Prompt
In the material below, begin at the line that has "2009 Toyota FJ", stop after the line that has "GM 91175196 Joint", and transcribe those lines exactly, without pictures.

Entries supplied

▼

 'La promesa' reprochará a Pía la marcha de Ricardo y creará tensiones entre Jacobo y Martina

▲
▼

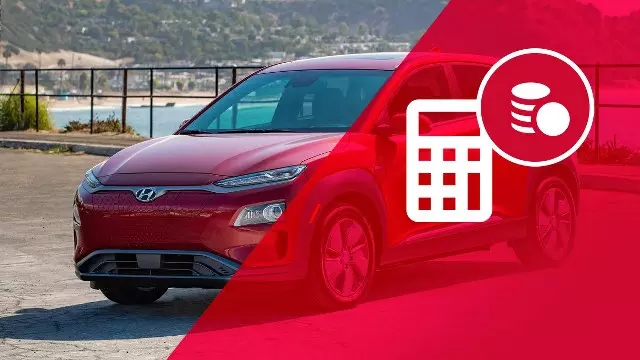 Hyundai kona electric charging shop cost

▲
▼

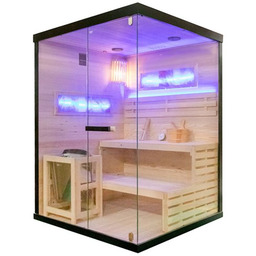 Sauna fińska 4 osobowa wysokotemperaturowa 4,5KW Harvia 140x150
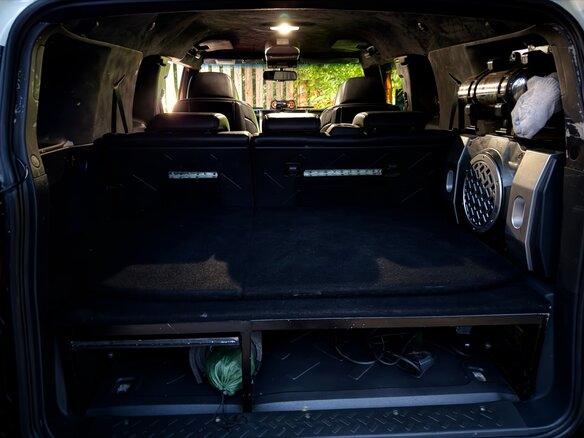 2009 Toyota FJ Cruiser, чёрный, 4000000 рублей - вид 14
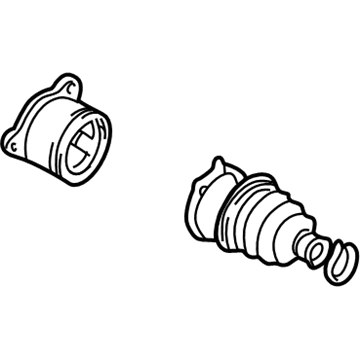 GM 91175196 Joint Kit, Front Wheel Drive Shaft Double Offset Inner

▲

Exercise answer
 2009 Toyota FJ Cruiser, чёрный, 4000000 рублей - вид 14
 GM 91175196 Joint Kit, Front Wheel Drive Shaft Double Offset Inner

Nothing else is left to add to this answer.